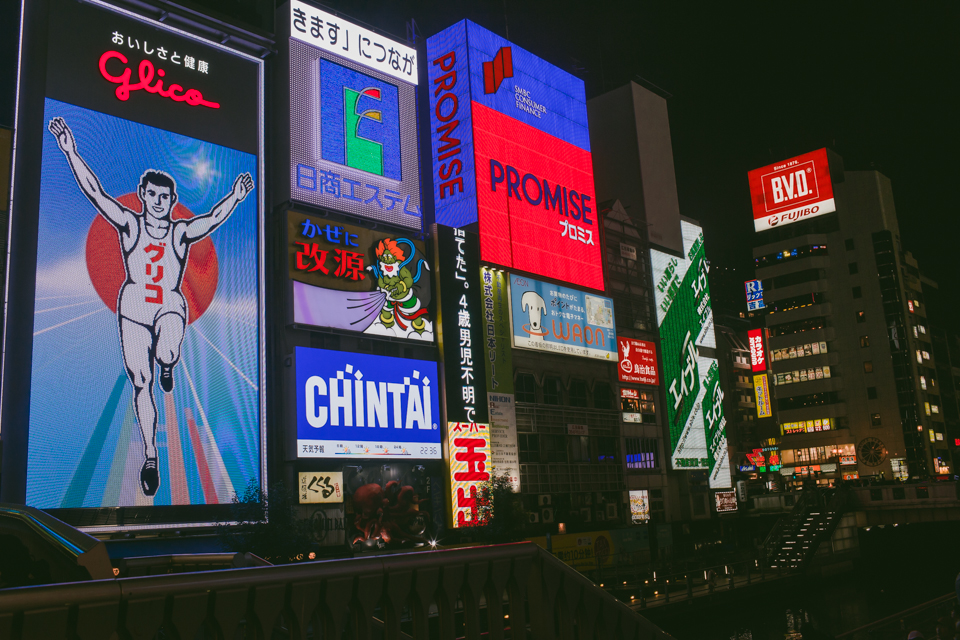 Dotonbori at night - The cat, you and us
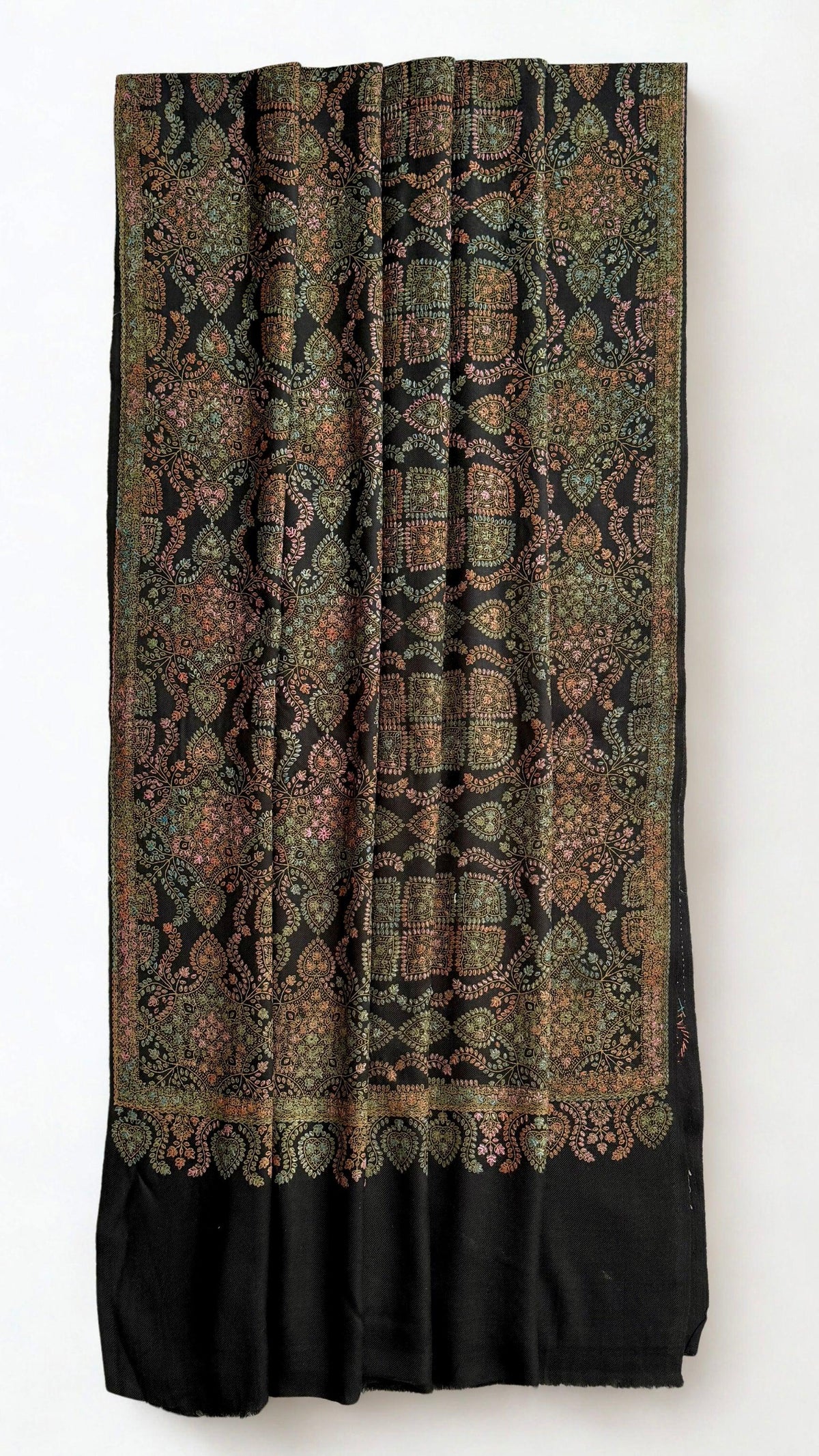 Pure Kashmiri Pashmina fully embroidered shawl in midnight black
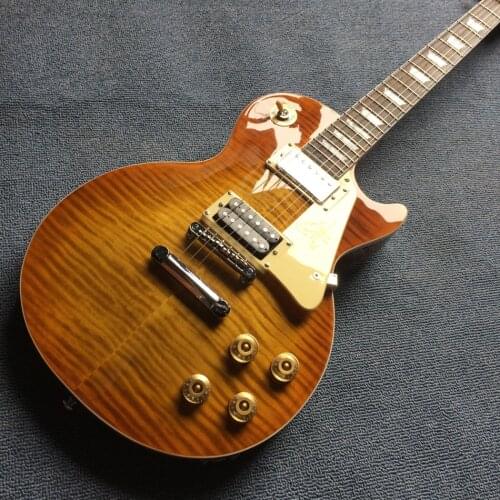 Rosewood fingerboard electric guitar, Tobacco burst maple top, Solid mahogany body electric guitar, Free shipping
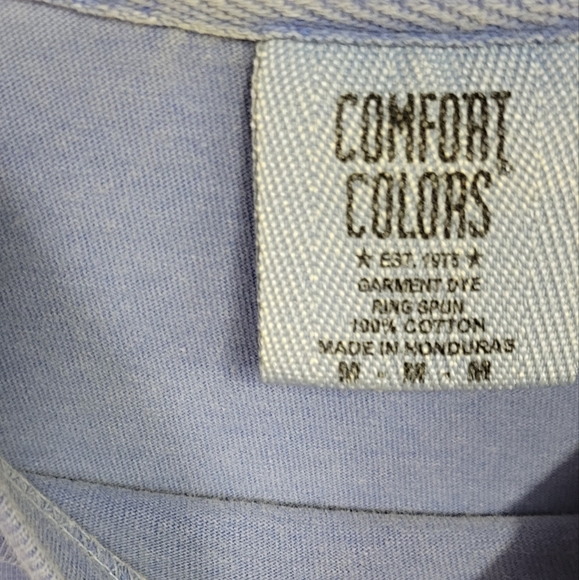 Comfort Colors Faded Blue Long Sleeve Tee Medium Racquet & Jog Tyler Texas - Picture 4 of 5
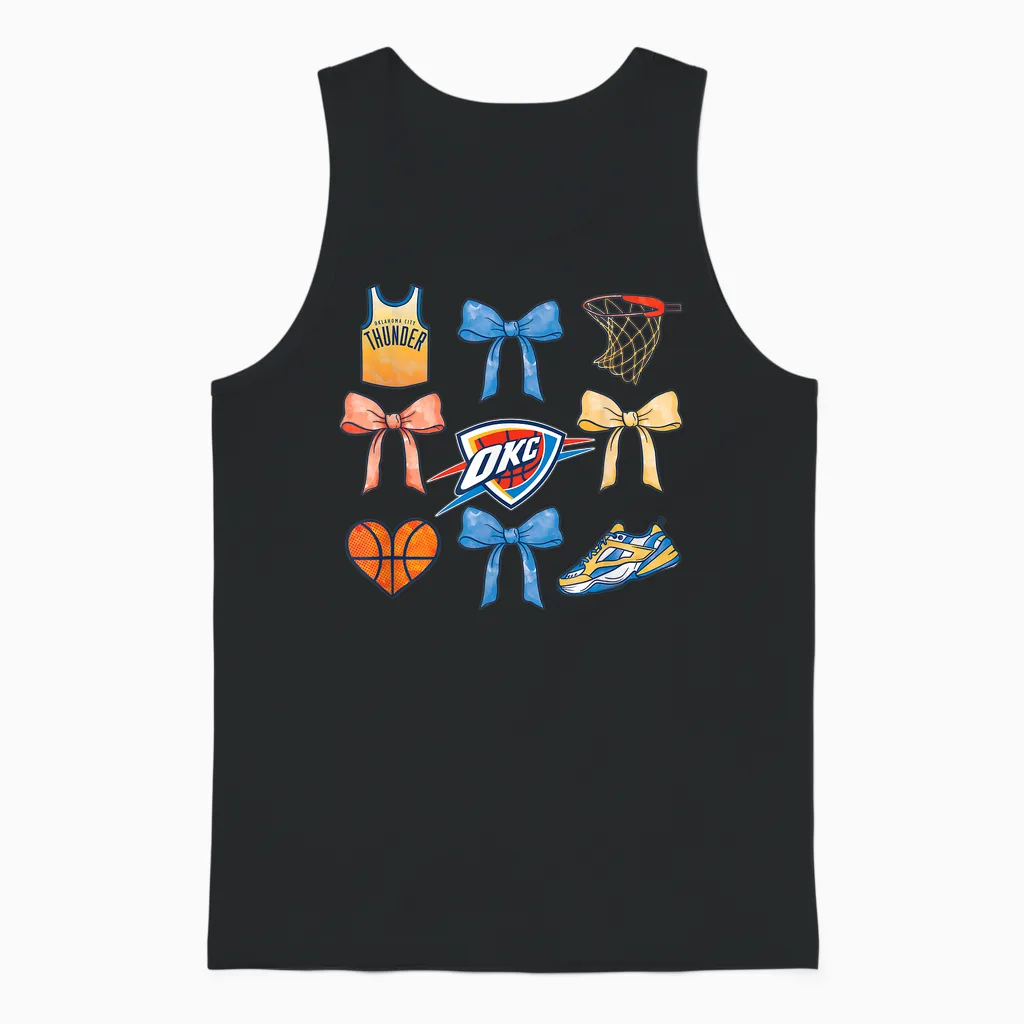 Nba Oklahoma City Thunder Bow Grid Unisex Tank Top in Black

### Task goal
Word for word, return the material, omitting the pictures.

### Finished exercise
 Dotonbori at night - The cat, you and us
 Pure Kashmiri Pashmina fully embroidered shawl in midnight black
 Rosewood fingerboard electric guitar, Tobacco burst maple top, Solid mahogany body electric guitar, Free shipping
 Comfort Colors Faded Blue Long Sleeve Tee Medium Racquet & Jog Tyler Texas - Picture 4 of 5
 Nba Oklahoma City Thunder Bow Grid Unisex Tank Top in Black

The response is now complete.